Tel Zayit (Hebrew: תל זית, Arabic: Tell Zeita, Kirbat Zeita al Kharab) is an archaeological tell in the Shephelah, or lowlands, of Israel. It may have been the site of the biblical city of Libnah (Joshua 10:32, 2 Kings 19:8) or Ziklag (1 Samuel 27:6).
Tel Zayit Wikipedia
The site, roughly 0.8-acre (3,200 m2), shows evidence of human settlement throughout the Late Bronze Age, and Iron Age I and II. The city was destroyed by fire twice, in 1200 BCE and the ninth century BCE. Hazael of Aram may have been the military leader who ordered the destruction of the city in the ninth century. The Aramean's siege tactics are known from the Zakkur stele, and the Hebrew Bible records that Hazael devastated cities in the Shephelah during the ninth century, including Philistine Gath. The similar siege and destruction of Tell es-Safi (Gath) in the ninth century, a nearby site usually identified as Gath, has been cited by archaeologists there as possible evidence of Hazael's campaign.

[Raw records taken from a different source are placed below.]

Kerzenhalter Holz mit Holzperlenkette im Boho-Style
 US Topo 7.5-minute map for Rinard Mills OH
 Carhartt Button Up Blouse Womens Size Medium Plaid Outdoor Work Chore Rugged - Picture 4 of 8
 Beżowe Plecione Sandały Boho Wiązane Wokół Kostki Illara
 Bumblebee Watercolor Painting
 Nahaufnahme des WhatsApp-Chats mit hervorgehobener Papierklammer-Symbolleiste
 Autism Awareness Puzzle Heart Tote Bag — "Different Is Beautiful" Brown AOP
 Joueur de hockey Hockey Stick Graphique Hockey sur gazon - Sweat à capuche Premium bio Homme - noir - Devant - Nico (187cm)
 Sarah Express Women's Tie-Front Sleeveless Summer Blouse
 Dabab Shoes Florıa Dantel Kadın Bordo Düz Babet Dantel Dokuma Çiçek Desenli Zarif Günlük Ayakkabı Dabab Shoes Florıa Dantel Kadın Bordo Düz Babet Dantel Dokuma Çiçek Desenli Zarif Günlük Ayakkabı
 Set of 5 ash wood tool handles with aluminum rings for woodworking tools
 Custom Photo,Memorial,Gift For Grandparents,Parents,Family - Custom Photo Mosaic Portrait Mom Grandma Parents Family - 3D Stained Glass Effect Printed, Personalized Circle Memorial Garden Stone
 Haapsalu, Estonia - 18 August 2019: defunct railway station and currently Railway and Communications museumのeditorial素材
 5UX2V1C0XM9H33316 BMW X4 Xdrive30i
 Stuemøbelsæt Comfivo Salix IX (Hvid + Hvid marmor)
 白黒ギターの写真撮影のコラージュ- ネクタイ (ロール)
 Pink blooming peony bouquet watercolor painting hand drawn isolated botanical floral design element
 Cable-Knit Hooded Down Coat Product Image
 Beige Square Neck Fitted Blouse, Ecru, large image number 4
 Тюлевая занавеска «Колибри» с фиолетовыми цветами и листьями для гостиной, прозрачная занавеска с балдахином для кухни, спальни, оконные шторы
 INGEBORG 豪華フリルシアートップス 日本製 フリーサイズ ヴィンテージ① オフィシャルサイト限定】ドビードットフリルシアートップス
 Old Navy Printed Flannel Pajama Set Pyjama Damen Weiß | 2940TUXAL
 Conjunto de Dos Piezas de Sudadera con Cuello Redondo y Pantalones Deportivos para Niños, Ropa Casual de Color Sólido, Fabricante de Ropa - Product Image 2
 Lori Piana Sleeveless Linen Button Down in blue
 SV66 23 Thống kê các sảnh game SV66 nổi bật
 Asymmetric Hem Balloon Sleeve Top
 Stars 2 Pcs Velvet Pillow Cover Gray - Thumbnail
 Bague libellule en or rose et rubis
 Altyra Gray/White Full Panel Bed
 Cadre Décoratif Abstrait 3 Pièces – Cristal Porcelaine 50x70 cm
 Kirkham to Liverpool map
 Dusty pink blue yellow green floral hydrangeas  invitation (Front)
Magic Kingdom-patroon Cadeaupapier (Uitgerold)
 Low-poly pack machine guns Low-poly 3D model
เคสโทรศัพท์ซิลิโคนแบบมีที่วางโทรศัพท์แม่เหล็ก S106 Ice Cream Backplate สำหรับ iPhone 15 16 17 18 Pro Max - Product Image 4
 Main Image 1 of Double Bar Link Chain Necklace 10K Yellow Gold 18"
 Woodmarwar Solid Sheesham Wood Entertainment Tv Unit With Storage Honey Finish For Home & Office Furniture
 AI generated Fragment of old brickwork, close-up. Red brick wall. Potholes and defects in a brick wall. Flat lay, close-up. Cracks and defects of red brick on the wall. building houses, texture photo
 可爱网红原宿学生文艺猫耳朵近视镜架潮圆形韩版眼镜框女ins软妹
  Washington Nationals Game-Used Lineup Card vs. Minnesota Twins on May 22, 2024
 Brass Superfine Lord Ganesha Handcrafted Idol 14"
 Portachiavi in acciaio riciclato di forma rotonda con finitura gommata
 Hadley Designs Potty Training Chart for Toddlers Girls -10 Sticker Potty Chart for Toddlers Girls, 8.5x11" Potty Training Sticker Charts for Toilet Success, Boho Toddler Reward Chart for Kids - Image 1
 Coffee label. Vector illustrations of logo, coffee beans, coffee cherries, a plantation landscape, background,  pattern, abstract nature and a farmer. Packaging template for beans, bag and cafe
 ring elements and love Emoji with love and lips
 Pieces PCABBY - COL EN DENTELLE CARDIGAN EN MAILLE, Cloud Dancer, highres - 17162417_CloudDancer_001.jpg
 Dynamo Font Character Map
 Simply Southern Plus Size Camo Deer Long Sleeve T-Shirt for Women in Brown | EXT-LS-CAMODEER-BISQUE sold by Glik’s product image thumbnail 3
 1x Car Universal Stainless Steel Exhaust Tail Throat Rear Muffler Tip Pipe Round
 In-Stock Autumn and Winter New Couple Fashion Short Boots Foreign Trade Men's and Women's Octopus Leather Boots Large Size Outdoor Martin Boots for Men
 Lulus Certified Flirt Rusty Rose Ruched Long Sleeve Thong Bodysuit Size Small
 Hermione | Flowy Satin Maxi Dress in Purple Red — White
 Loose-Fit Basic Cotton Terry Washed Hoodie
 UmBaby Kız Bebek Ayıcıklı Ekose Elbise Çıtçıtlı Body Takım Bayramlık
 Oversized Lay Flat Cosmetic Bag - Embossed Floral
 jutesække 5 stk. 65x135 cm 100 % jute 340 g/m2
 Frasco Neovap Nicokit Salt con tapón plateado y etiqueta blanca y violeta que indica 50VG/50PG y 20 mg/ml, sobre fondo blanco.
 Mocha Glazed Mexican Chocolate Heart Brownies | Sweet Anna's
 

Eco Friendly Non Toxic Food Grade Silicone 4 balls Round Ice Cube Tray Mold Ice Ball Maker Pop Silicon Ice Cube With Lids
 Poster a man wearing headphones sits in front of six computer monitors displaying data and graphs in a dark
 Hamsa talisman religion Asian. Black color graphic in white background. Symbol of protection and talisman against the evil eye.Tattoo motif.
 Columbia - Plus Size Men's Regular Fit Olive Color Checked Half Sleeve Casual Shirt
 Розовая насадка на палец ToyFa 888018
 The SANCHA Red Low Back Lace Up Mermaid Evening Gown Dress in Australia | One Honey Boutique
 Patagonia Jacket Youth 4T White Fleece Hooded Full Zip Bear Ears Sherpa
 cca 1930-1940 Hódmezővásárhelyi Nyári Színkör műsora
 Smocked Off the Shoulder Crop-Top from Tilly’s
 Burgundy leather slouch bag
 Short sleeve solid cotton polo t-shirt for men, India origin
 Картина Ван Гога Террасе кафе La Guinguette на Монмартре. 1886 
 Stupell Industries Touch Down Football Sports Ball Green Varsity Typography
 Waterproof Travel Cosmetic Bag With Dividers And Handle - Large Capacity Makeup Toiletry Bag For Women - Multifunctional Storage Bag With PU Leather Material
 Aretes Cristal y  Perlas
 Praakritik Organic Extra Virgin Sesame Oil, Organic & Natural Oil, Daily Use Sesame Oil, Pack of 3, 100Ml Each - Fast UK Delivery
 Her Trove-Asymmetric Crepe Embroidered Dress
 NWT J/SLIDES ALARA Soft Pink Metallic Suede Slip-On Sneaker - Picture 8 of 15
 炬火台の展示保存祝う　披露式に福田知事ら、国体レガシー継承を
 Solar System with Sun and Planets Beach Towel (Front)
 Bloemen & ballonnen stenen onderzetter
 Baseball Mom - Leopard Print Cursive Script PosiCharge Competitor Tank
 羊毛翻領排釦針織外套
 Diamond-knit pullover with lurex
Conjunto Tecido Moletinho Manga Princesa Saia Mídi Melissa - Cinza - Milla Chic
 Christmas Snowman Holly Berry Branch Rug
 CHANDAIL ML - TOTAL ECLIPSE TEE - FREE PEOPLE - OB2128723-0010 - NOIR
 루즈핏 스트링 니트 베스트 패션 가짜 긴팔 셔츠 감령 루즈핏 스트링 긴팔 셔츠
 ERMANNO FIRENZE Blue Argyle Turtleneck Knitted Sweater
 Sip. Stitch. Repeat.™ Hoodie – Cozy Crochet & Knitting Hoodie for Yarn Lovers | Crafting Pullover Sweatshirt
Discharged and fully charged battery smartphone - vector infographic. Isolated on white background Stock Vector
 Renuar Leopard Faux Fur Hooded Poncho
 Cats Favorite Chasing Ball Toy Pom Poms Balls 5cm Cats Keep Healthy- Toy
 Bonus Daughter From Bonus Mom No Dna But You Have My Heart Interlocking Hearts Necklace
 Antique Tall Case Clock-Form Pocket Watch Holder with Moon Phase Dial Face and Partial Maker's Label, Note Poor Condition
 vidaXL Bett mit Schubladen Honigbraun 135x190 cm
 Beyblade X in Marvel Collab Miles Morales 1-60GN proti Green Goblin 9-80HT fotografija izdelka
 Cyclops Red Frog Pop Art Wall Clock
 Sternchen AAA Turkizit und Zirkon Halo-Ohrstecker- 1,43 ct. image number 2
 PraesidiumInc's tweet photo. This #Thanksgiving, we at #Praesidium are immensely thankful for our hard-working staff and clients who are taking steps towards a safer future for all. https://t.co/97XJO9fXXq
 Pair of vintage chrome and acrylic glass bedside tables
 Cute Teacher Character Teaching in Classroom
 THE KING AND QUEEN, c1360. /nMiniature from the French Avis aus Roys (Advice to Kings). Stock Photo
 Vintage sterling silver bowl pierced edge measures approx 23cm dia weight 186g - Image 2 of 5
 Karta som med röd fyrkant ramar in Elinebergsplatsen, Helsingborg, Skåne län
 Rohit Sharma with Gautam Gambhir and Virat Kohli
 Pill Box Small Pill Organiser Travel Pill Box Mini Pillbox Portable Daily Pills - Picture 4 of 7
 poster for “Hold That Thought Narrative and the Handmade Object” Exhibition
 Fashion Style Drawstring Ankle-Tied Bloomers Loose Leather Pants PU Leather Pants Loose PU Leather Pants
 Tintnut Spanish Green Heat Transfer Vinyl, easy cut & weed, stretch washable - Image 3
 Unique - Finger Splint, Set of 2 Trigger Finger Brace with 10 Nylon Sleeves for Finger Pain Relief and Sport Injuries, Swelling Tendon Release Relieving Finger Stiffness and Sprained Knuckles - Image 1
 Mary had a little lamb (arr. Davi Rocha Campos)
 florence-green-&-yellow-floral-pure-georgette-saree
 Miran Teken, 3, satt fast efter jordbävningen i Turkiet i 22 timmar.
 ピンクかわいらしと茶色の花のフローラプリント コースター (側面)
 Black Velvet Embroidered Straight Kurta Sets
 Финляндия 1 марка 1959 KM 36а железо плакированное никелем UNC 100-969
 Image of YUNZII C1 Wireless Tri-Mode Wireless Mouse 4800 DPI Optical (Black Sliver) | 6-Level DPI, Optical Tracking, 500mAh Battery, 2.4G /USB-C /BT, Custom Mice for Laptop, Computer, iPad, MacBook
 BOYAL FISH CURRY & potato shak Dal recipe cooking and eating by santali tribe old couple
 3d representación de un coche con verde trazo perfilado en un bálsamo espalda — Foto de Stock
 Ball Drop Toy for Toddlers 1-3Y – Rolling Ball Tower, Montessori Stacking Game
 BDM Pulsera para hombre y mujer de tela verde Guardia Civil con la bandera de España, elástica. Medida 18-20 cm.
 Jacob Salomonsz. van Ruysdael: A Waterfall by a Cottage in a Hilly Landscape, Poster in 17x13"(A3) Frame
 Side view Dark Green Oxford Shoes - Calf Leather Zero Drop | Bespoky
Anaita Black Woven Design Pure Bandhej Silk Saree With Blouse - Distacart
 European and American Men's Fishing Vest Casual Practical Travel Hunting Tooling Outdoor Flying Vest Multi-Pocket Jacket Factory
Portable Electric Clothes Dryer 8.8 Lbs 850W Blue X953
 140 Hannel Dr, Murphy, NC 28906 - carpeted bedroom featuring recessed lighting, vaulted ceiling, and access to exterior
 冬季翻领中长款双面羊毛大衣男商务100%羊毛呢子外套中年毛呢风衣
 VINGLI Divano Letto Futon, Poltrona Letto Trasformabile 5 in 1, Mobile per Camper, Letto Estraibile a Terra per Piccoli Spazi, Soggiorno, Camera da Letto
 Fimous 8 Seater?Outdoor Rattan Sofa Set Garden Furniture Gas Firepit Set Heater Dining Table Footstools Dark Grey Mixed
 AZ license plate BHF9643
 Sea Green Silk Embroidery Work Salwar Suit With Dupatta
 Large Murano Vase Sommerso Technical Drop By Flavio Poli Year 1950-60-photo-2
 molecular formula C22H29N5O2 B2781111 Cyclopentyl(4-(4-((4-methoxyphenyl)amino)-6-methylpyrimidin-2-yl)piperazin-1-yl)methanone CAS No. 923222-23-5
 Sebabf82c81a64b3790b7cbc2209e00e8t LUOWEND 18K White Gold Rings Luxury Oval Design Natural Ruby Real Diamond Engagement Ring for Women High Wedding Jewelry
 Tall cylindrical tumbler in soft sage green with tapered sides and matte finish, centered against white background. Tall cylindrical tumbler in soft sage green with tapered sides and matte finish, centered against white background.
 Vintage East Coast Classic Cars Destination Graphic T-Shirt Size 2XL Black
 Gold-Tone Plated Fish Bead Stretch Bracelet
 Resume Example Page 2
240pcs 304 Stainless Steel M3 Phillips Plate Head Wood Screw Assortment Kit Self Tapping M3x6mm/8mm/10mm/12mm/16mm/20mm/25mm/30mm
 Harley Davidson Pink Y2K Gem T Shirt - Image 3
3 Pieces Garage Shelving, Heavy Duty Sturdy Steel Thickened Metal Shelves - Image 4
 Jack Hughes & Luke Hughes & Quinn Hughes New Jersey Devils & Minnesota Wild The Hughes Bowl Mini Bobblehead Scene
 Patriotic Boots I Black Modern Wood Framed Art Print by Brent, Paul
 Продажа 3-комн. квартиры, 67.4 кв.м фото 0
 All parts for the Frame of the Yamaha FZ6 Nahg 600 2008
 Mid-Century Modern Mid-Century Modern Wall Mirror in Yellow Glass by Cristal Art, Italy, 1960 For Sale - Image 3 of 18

From at least the 16th century until some time during the 20th century, the site was occupied by the Arab village Zayta. During the period of the British mandate, the village moved 1.5 km to the north, until it was depopulated in 1948.
Work at Tel Zayit began with a preliminary survey in 1998 by a Pittsburgh Theological Seminary team led by Ron Tappy.
During the 2005 season, archaeologists discovered the Zayit Stone among the ruins of a fire dating to the tenth century BC. The stone includes an inscription identified by some scholars as an abecedary, among the oldest ever discovered.